I would rather have Gasol because skilled big men are just so hard to find.


----------



## whiterhino (Jun 15, 2003)

Premier said:


> Shane Battier, at his worst, is a much better defender than Justin Reed.


Prem, you can't make a statement like that when Justin has yet to play any meaningful minutes yet in the NBA but is said by all to be a crazy mad defender. They say he's the best on the team including TA & Banks and if he's better than Banks on D, then he could end up being something special on D. Bruce Bowen wasn't exactly a household name coming into the league but he's been on how many NBA all-defense teams, Reed could end up like that someday. Statements like that shouldn't be made when a guys career hasn't even started yet.
I do like Shane Battier though, would love to see him in green somehow.


----------



## vandyke (Jan 8, 2004)

P-Dub34 said:


> Pierce's tade value is generally believed to be at an all-time low, despite being an All-Star for a handful of seasons in a row, one-time NBA scoring leader, an All-NBA selection, proven clutch player, explosive scorer, good rebounder, good ballhandler, solid passer, and coming off a 22/7/4 year where he dramatically improved his FG% and 3PT% and had his lowest turnover numbers since his rookie year.



I hear you P-Dub, it is also pretty funny how people on this board and in newspapers across the country try to say how Pierce's trade value is low and they come with this outrageous trade scenario where the Celtics are getting raped. Let me put it like this when the time comes, if it comes for the Celtics to part ways we are going to get equal value in return for Pierce which means that unless we get a top 20 player in his prime in return Pierce won't be traded the only way we don't is if he is in the last year of his contract and indicates that he won't resign here.


----------



## Premier (Oct 30, 2003)

whiterhino said:


> Prem, you can't make a statement like that when Justin has yet to play any meaningful minutes yet in the NBA but is said by all to be a crazy mad defender. They say he's the best on the team including TA & Banks and if he's better than Banks on D, then he could end up being something special on D. Bruce Bowen wasn't exactly a household name coming into the league but he's been on how many NBA all-defense teams, Reed could end up like that someday. Statements like that shouldn't be made when a guys career hasn't even started yet.
> I do like Shane Battier though, would love to see him in green somehow.


Shane Battier is the best perimter defender in the league other than Ron Artest. Justin Reed hasn't played a meaningful game in the NBA yet. If he was so good, why was he benched all of last season. Statements like proclaiming Reed is the best defender on the team shouldn't be made until we actually _see_ him play.

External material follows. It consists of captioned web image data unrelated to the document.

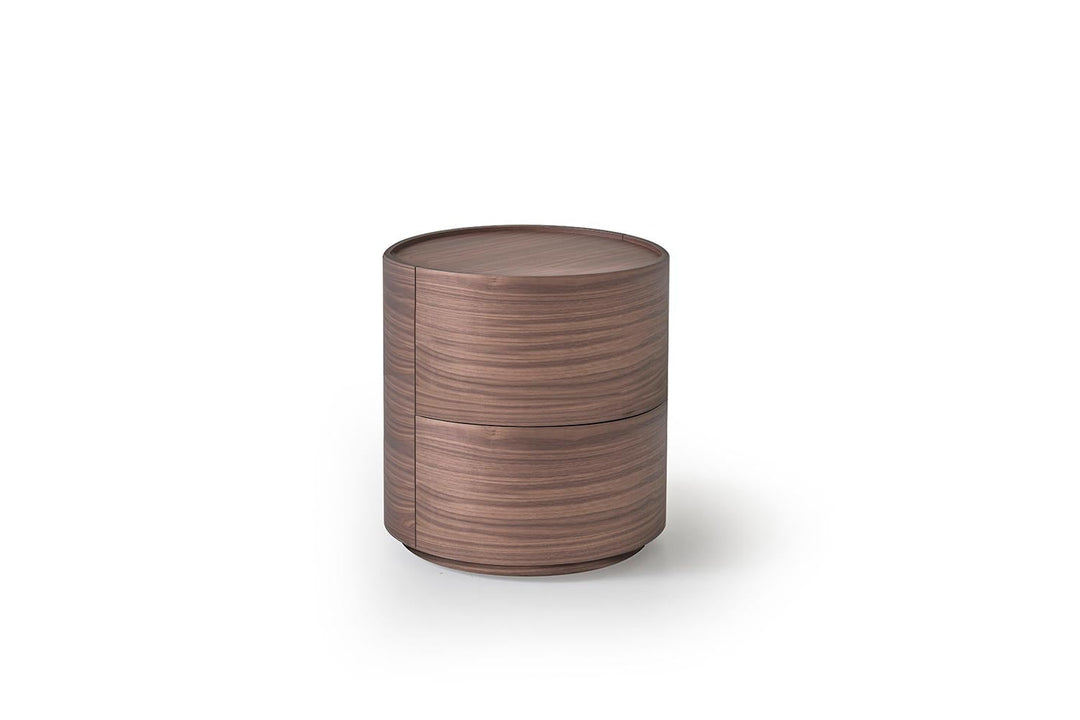 Dedalo 2-Drawer Nightstand Nightstands Pianca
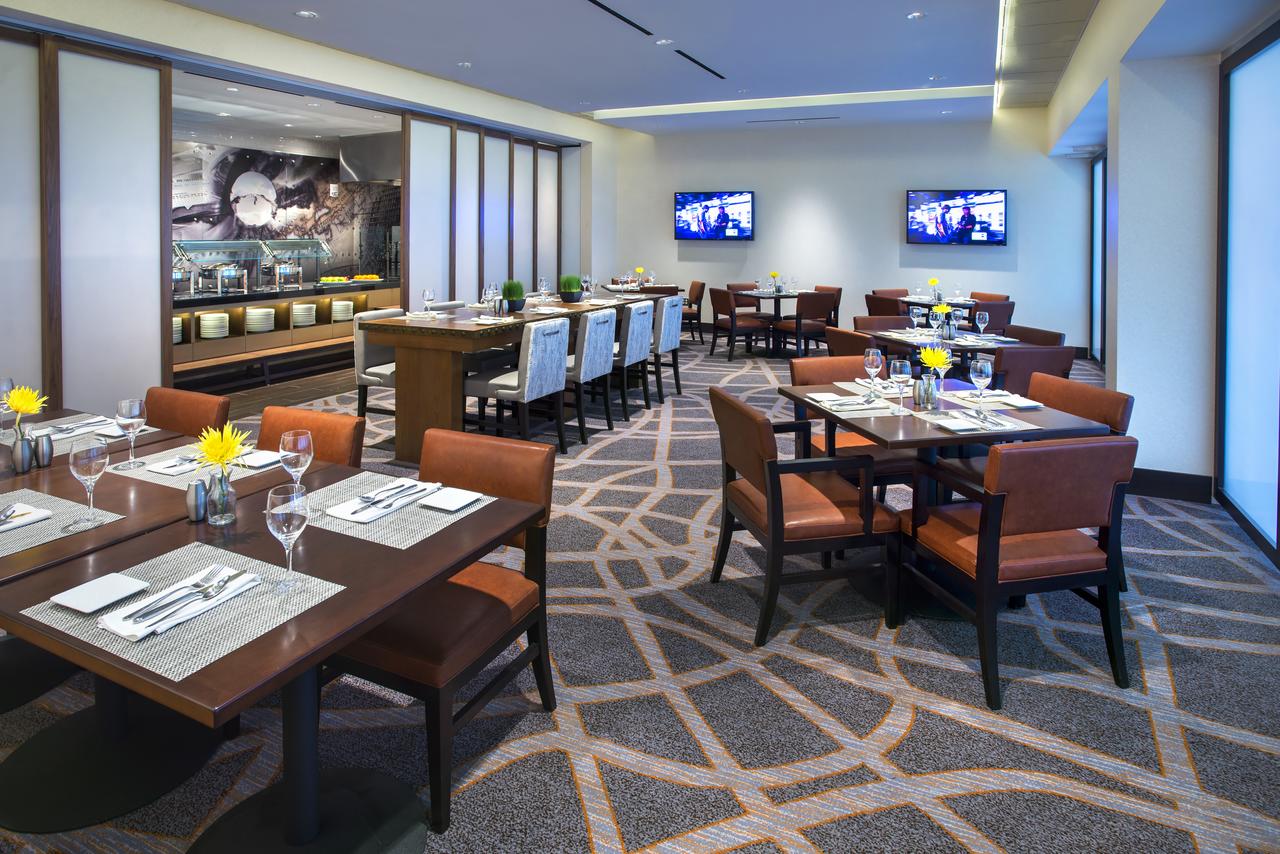 Newark Liberty International Airport Marriott - thumb 30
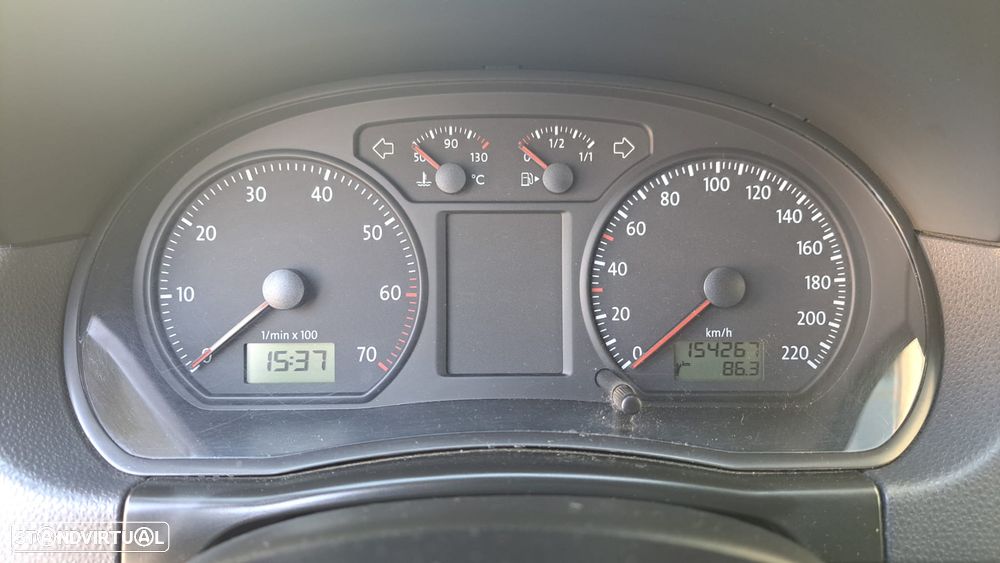 VW Polo 1.2 Confortline - 34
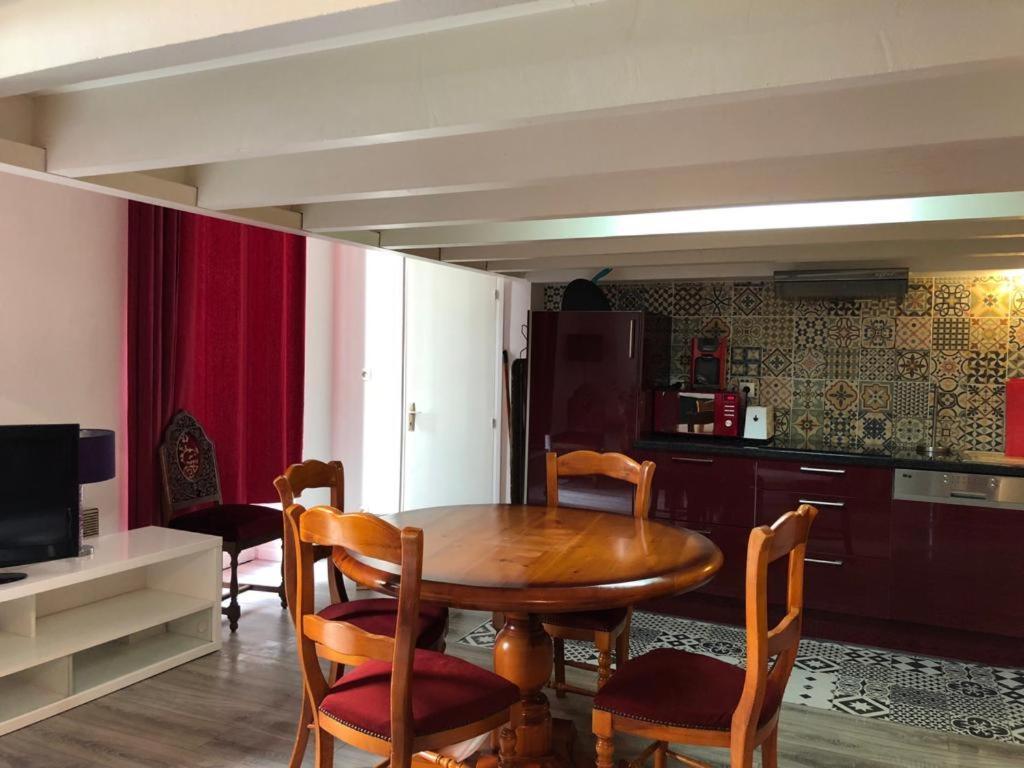 Cosy Appartement In Old City Center Bordeaux Kültér fotó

Because Battier is one of the best defenders in the league, it is very safe to assume that he is better than Reed.


----------



## #1AntoineWalkerFan (Mar 10, 2005)

kamego said:


> I would rather have Gasol because skilled big men are just so hard to find.




gasol has been in the league 4 yrs and hasnt improved at all...hes a good pf at best....he'll never be anything more than that


----------



## Delontes Herpes (May 11, 2005)

I'd rather have Pierce because Gasol sucks.


----------



## thetruth556 (Aug 3, 2005)

Delontes Herpes said:


> I'd rather have Pierce because Gasol sucks.


amen, when gasol goes up against an actual good big man hes shaky at best


----------



## whiterhino (Jun 15, 2003)

Premier said:


> Shane Battier is the best perimter defender in the league other than Ron Artest. Justin Reed hasn't played a meaningful game in the NBA yet. If he was so good, why was he benched all of last season. Statements like proclaiming Reed is the best defender on the team shouldn't be made until we actually _see_ him play. Because Battier is one of the best defenders in the league, it is very safe to assume that he is better than Reed.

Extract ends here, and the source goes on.